The principle of separation of powers is central to our form of democratic government. Just as the courts have carefully guarded their primary role as interpreters of the Constitution and the laws of the United States, so have they recognized the primary role of the President and Congress in resolution of political conflict and the adoption of foreign policy. Compare Marbury v. Madison, 1 Cranch 137, 5 U.S. 137, 2 L. Ed. 60 (1803); Baker v. Carr, 369 U.S. 186, 82 S. Ct. 691, 7 L. Ed. 2d 663 (1962); Banco Nacional de Cuba v. Sabbatino, 376 U.S. 398, 84 S. Ct. 923, 11 L. Ed. 2d 804 (1964).
The doctrine of sovereign immunity is similar to the act of state doctrine in that it also represents the need to respect the sovereignty of foreign states. The two doctrines differ, however, in significant respects. The law of sovereign immunity goes to the jurisdiction of the court. The act of state doctrine is not jurisdictional. Ricaud v. American Metal Co., 246 U.S. 304, 309, 38 S. Ct. 312, 313, 62 L. Ed. 733 (1918). Rather, it is a prudential doctrine designed to avoid judicial action in sensitive areas. Sovereign immunity is a principle of international law, recognized in the United States by statute. It is the states themselves, as defendants, who may claim sovereign immunity. The act of state doctrine is a domestic legal principle, arising from the peculiar role of American courts. It recognizes not only the sovereignty of foreign states, but also the spheres of power of the co-equal branches of our government. Thus a private litigant may raise the act of state doctrine, even when no sovereign state is a party to the action. See, e. g., Timberlane Lumber Co. v. Bank of America, 549 F.2d 597, 606 (9th Cir. 1976). The act of state doctrine is apposite whenever the federal courts must question the legality of the sovereign acts of foreign states.

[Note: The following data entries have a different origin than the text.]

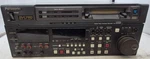 Panasonic AJ-D750P Dvcpro Digital Video Cassette Recorder Is For Parts Only. Price: $200.00.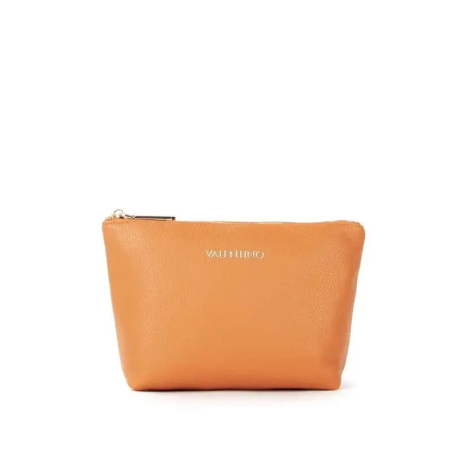 VALENTINO BAGS NECESER RING RE ARANCIO - KALHUA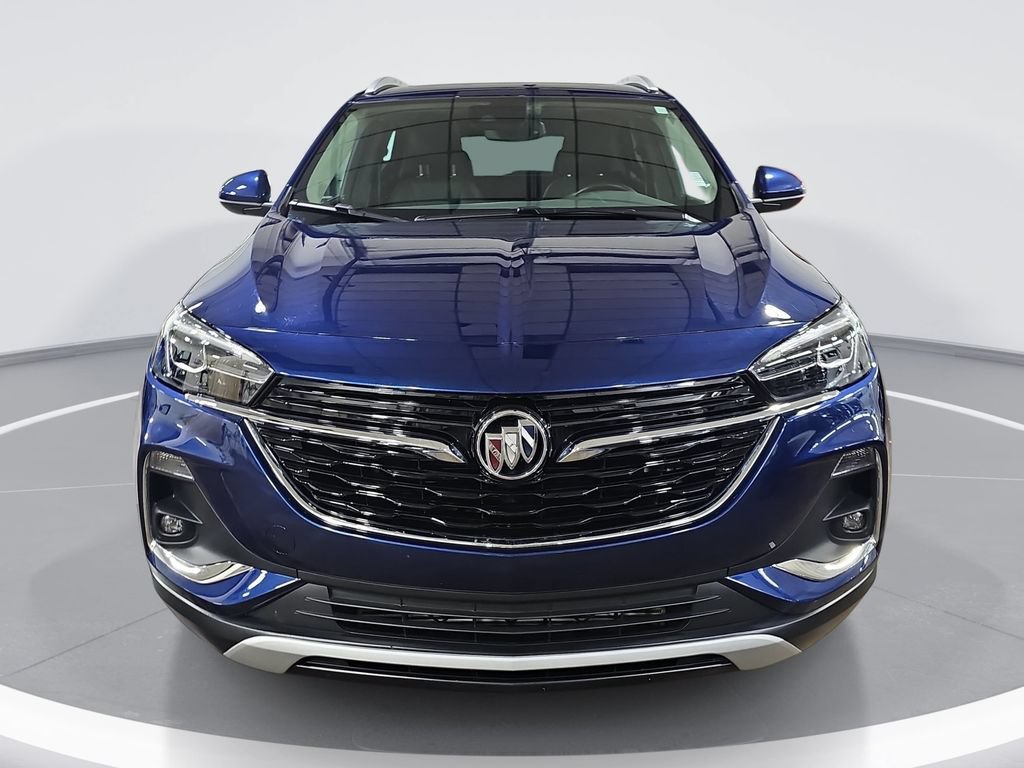 Certified 2023 Buick Encore GX Essence w/ Experience Buick Package FWD image 10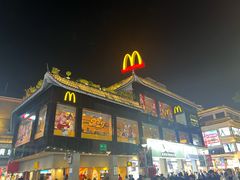 -东门町美食街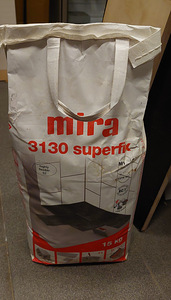 MIRA 3130 15 kg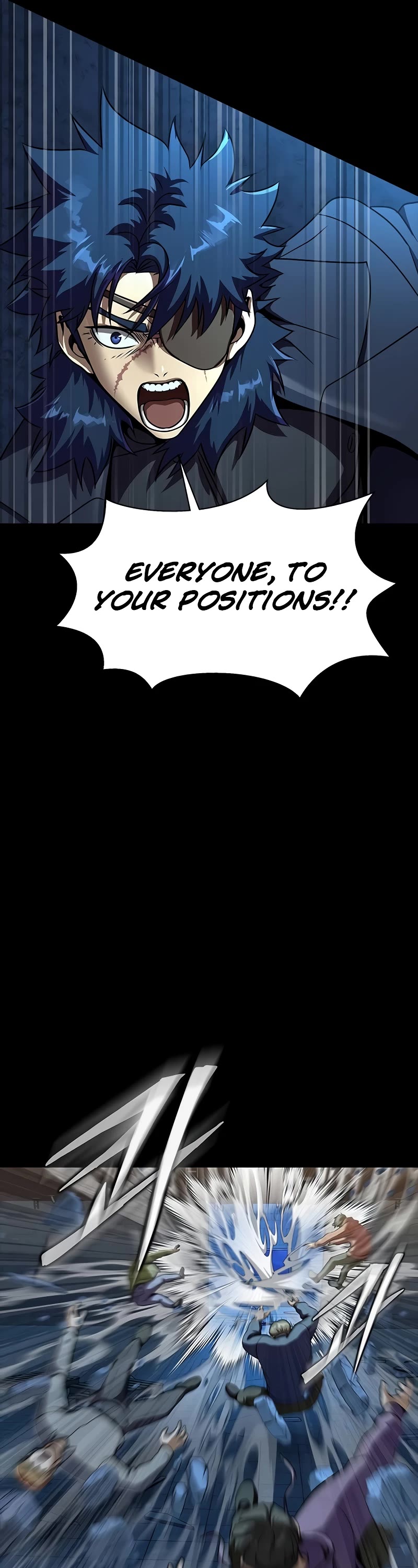 Steel-Eating Player Chapter 49 page 42 - Chapter 49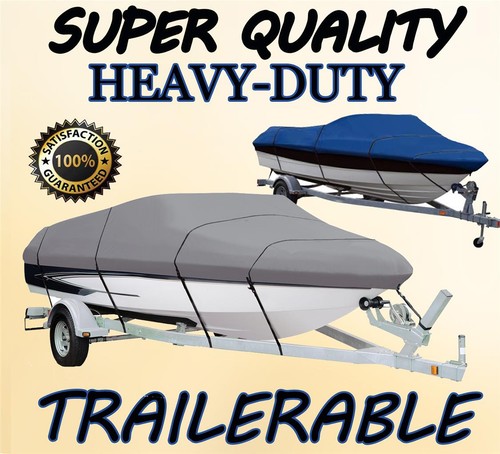 Trailerable boat cover boston - trailerable,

It has been suggested that the FSIA supersedes the act of state doctrine, or that the amorphous doctrine is limited by modern jurisprudence.7 We disagree.
Congress in enacting the FSIA recognized the distinction between sovereign immunity and the act of state doctrine. See, e. g., H.R.Rep.No.94-1487, 94th Cong., 2d Sess. 20 n.1, reprinted in (1976) U.S.Code Cong. & Ad.News 6619 n.1 ("The Committee has found it unnecessary to address the act of state doctrine in this legislation"); see generally Jurisdiction of U.S. Courts in Suits Against Foreign States: Hearings on H.R.11315 Before the Subcomm. on Admin.Law and Governmental Relations of the House Comm. on the Judiciary, 94th Cong., 2d Sess. 29-57 (1976); Immunities of Foreign States: Hearings on H.R.3493 Before the Subcomm. on Claims & Governmental Relations of the Committee on the Judiciary, 93d Cong., 1st Sess. 20 (1973) (the FSIA "in no way affects existing law concerning the extent to which the 'act of state' doctrine may be applicable in similar circumstances"). Indeed, because the act of state doctrine addresses concerns central to our system of government, the doctrine must necessarily remain a part of our jurisprudence unless and until such time as a radical change in the role of the courts occurs.

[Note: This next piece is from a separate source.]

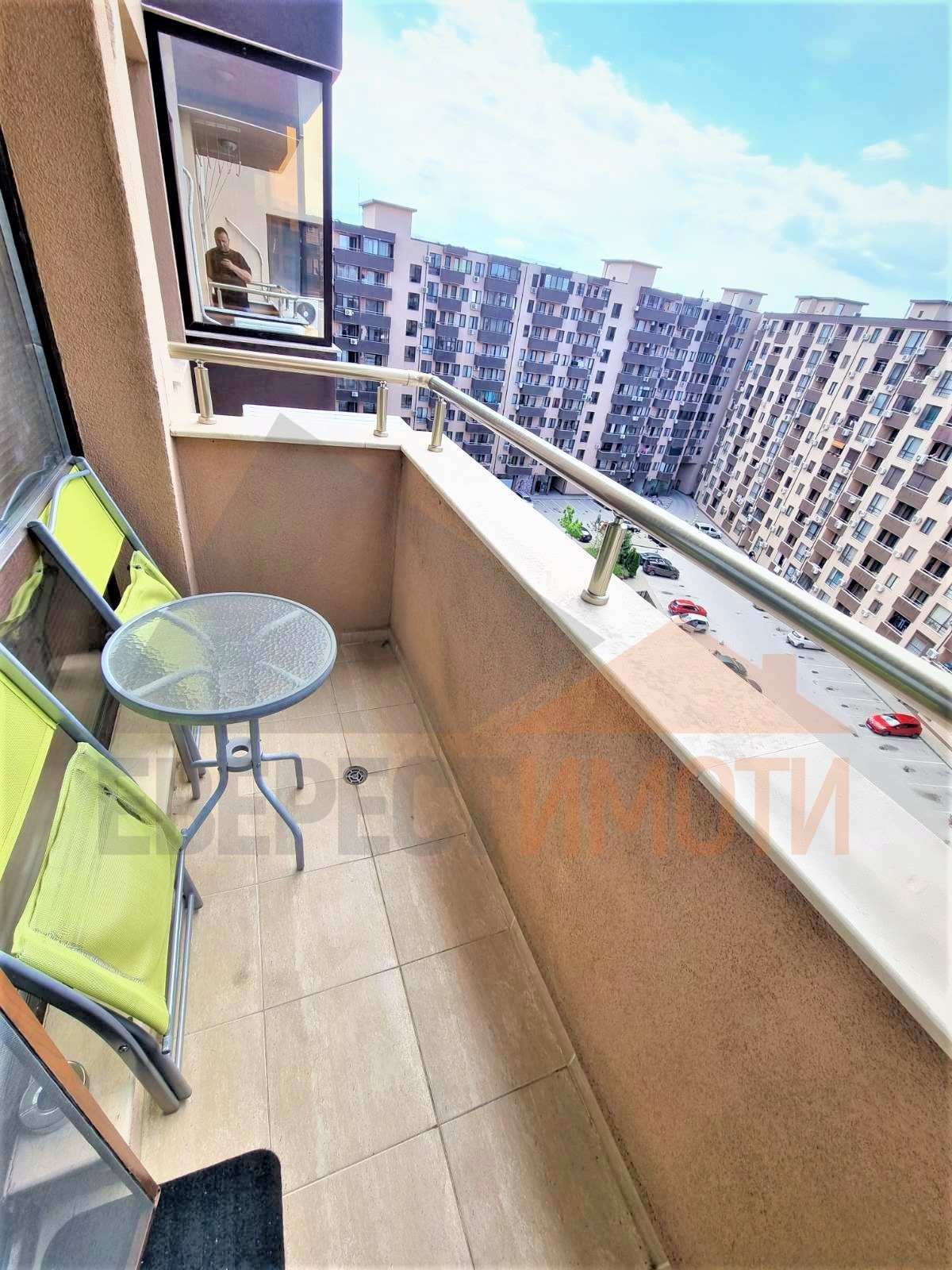 Продава 3-СТАЕН, гр. Пловдив, Въстанически, снимка 17 - Апартаменти - 54366869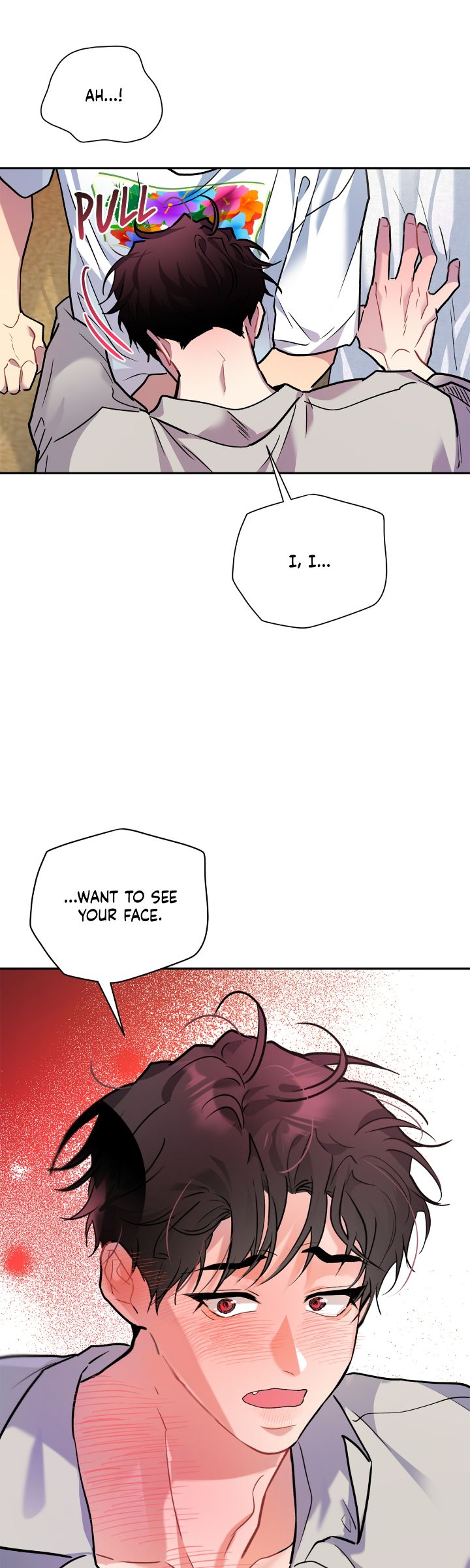 Could the Boy Next Door be a Vampire? chapter 76 page 17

The act of state doctrine is not diluted by the commercial activity exception which limits the doctrine of sovereign immunity. While purely commercial8 activity may not rise to the level of an act of state, certain seemingly commercial activity will trigger act of state considerations. As the district court noted, OPEC's "price-fixing" activity has a significant sovereign component. While the FSIA ignores the underlying purpose of a state's action, the act of state doctrine does not. This court has stated that the motivations of the sovereign must be examined for a public interest basis. Timberlane, 549 F.2d at 607. When the state qua state acts in the public interest, its sovereignty is asserted. The courts must proceed cautiously to avoid an affront to that sovereignty. Because the act of state doctrine and the doctrine of sovereign immunity address different concerns and apply in different circumstances, we find that the act of state doctrine remains available when such caution is appropriate, regardless of any commercial component of the activity involved.
In addition to the public interest factor, a federal court must heed other indications which call for act of state deference. The doctrine does not suggest a rigid rule of application. In the Sabbatino case, the Supreme Court suggested a balancing approach:
some aspects of international law touch more sharply on national nerves than do others; the less important the implications of an issue are for our foreign relations, the weaker the justification for exclusivity in the political branches. 376 U.S. at 428, 84 S. Ct. at 940.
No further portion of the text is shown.